It is difficult to imagine a Supreme Court of Canada without Beverley McLachlin. For 17 years, she was the court’s rudder, steadying it in choppy legal waters. So what happens after she’s gone?

Photograph of Beverley McLachlin

Appointed to the court by Prime Minister Brian Mulroney as a puisne justice in 1989 and elevated to the top job 11 years later, Beverley McLachlin is the longest-serving chief justice in the court’s history. She led it through a period of consolidation and refinement of Charter law following the “dawn period” under Chief Justices Brian Dickson and Antonio Lamer.

The early years of Supreme Court interpretations of Charter law were action-packed, marked by many split decisions and an activist tone. McLachlin herself – appointed to the bench just a year before Justice Dickson’s retirement – described her approach to Charter law as one of “subtle interpretations” of the broad directions set during the Dickson and Lamer eras. She proved herself adept at stick-handling unanimous decisions on fraught subjects, from physician-assisted dying to maximum trial lengths – a talent that was nurtured during her long tenure on the court.

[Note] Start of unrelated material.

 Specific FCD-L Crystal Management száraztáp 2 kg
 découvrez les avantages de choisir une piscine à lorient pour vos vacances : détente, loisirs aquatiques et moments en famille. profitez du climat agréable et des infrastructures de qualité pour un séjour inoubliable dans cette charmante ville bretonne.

“Right now we’ve got a fairly young court, with a critical mass of judges with just five or six years on the court,” says Carissima Mathen, a University of Ottawa associate professor specializing in constitutional law. “[McLachlin] came to the role with significant institutional memory. She’s the last one on the bench to have sat with Justice Dickson, the first Chief Justice under the Charter. Most of the other judges have not yet accumulated that level of experience.”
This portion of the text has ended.